1/4/2022 2 Comments
IS THERE A MUSIC TEACHER WILLING TO TEACH MY AUTISTIC CHILD?
Simple answer: Yes. There are teachers willing to teach your autistic child.
However, finding a patient and understanding music teacher willing to teach those 'on the spectrum' might be a bit challenging. The unfortunate reality is many music instructors won't take the emotional energy to find the patience necessary to work with ASD (Autism Spectrum Disorder) students.
Here is my short story:
Since 1997, I have been offering music instruction for private and group music lessons. I am a music teacher.
I am not a behavior specialist. Yet, a few of my students over the years have showed clear (and not so clear) signs of ASD.
In my experience, teaching music lessons to children with autism is a highly emotional experience. Many of my students parents show much concern, as well as willingness and eagerness to help out during the lesson. Most of my experience with kids on the spectrum include the involvement of the parent during the lesson time.
Some parents seem to show embarrassment. Other parents can to show small signs of uncertainty and mistrust. Explanations and excuses are normal.
Before scheduling the first lesson, some parents have given me a 'heads up' during the intake and interview process. This is helpful and always appreciated.

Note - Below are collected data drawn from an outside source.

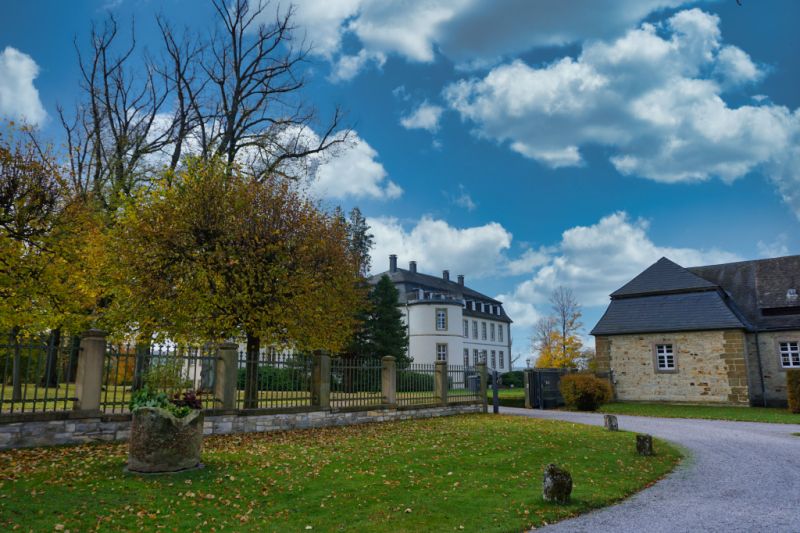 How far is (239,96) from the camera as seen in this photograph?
2428cm

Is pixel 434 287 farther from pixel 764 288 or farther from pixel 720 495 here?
pixel 720 495

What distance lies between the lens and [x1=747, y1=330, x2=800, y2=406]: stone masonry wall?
26969 millimetres

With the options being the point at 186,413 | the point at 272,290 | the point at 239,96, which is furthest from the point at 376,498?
the point at 239,96

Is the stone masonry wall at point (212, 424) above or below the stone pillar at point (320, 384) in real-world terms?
below

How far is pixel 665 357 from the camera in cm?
2864

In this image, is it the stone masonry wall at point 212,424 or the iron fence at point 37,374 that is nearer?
the iron fence at point 37,374

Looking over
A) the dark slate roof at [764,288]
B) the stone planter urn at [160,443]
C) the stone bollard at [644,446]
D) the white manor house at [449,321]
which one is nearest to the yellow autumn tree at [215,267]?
the stone planter urn at [160,443]

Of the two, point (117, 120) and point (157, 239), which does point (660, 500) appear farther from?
point (117, 120)

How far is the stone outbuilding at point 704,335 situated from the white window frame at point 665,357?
49 mm

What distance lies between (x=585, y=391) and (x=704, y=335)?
8404 millimetres

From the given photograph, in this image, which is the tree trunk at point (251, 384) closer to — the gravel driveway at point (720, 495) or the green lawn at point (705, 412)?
the gravel driveway at point (720, 495)

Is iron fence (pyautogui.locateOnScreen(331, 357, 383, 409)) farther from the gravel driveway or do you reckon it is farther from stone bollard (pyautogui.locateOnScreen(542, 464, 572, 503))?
stone bollard (pyautogui.locateOnScreen(542, 464, 572, 503))

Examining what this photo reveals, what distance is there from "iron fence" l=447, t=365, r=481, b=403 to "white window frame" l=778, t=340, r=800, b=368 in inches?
685

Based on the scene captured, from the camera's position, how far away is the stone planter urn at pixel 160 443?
820 centimetres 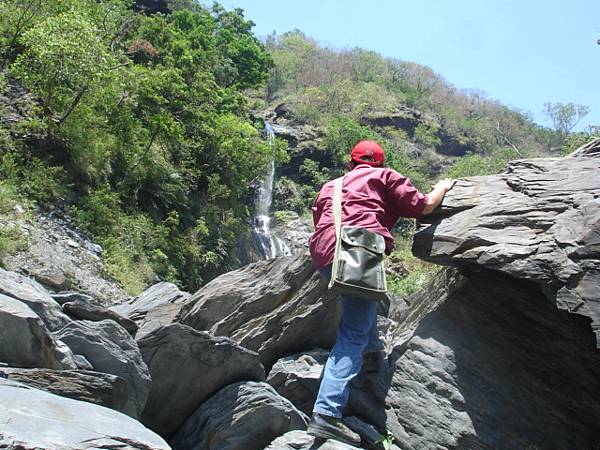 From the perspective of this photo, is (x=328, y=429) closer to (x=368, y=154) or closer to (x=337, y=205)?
(x=337, y=205)

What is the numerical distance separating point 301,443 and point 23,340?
72.2 inches

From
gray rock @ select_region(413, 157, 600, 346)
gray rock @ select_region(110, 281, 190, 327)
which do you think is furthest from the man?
gray rock @ select_region(110, 281, 190, 327)

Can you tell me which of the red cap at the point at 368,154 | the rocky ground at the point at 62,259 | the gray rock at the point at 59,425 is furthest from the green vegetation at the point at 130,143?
the gray rock at the point at 59,425

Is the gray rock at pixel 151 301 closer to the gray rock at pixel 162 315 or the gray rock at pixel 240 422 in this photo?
the gray rock at pixel 162 315

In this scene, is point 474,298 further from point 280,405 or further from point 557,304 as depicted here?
point 280,405

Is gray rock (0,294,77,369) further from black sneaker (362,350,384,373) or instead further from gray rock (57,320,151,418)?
black sneaker (362,350,384,373)

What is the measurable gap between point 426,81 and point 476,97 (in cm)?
624

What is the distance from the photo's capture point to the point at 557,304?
394cm

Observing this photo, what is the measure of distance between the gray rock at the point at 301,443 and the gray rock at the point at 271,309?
131 centimetres

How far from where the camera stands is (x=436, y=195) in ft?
15.1

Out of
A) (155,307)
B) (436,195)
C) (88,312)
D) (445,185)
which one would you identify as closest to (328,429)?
(436,195)

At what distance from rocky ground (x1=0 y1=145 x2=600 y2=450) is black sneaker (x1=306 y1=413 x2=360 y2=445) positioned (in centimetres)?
7

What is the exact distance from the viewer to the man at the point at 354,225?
3977mm

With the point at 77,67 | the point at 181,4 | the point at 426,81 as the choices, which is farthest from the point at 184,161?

After scheduling the first lesson, I have had more than one parent show up for the first lesson with an autistic 'surprise'. In my experience, these 'surprise' autistic music students are usually temporary. They don't last long in my studio. Their music educational journey with me is short lived. I would imagine it has a lot to do with the parenting. It would make most sense to me that a loving and caring parent would give a potential educator a 'heads up' before showing up. But as I have discovered, music lessons with autistic students can be a highly emotional event.
Autistic relationships seem to be a very personal, yet slightly unstable. Parents may know their child well, but may not know how their child relates to others.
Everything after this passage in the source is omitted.